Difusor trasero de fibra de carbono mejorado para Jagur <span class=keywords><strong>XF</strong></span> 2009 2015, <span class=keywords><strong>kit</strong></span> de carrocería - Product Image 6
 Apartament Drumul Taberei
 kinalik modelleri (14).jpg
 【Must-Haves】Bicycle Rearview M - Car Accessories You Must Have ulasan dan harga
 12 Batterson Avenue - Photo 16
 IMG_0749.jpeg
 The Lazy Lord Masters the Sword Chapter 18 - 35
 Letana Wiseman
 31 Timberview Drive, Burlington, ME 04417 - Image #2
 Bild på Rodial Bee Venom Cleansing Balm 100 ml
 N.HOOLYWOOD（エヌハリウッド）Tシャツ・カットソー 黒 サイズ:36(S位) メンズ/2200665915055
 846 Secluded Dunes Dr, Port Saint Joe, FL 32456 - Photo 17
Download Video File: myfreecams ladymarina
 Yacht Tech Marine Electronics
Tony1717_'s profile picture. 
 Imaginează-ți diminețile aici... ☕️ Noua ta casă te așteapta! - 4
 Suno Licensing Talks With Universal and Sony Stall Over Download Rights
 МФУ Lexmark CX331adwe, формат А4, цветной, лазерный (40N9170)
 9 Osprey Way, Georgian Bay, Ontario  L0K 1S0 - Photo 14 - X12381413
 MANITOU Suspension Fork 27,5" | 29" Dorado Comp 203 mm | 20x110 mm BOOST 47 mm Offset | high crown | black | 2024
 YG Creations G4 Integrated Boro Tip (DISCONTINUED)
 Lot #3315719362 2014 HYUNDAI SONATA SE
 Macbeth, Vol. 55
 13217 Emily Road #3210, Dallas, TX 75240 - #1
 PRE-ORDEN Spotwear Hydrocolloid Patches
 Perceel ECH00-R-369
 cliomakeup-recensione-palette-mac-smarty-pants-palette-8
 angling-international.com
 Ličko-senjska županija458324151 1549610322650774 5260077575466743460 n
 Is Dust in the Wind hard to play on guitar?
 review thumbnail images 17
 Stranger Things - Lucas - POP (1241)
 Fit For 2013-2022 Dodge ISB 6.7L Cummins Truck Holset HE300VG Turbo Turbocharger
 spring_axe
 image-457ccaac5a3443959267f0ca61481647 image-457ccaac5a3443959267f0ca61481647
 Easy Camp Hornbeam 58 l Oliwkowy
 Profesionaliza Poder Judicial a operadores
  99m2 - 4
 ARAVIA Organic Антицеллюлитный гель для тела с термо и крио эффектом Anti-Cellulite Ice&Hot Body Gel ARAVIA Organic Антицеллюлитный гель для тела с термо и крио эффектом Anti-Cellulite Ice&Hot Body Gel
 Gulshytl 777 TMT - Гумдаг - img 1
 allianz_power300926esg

Required action - After going through the entries, say how many lines contain the string "Photo". Nothing else belongs in the reply.

Answer box - 3